- Provided material -
# # #
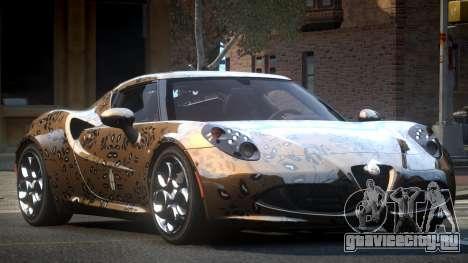 Alfa Romeo 4C L-Tuned L7 для GTA 4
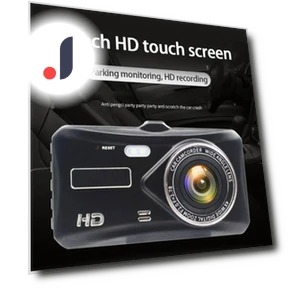 Car DVR with 4-inch Touch Screen — Dashboard Cameras, A Auto Parts Mall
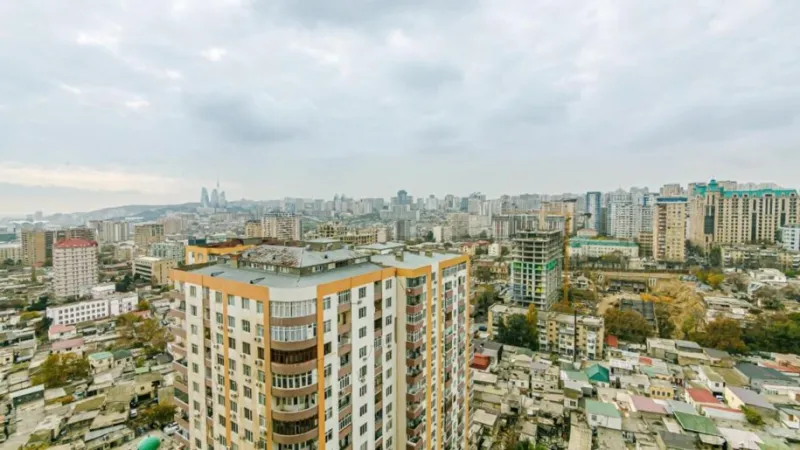 Satılır 3 otaqlı Mənzil Yeni tikili 153 m² Nizami m. - şəkil 21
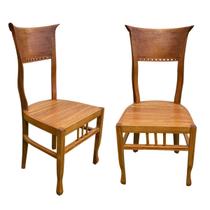 Kit 2 Cadeira Inglesa em Madeira Maciça de Demolição Sudeste Rústico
# # #
- Brief -
The material above should be returned exactly, without pictures.

- Reply -
 Alfa Romeo 4C L-Tuned L7 для GTA 4
 Car DVR with 4-inch Touch Screen — Dashboard Cameras, A Auto Parts Mall
 Satılır 3 otaqlı Mənzil Yeni tikili 153 m² Nizami m. - şəkil 21
 Kit 2 Cadeira Inglesa em Madeira Maciça de Demolição Sudeste Rústico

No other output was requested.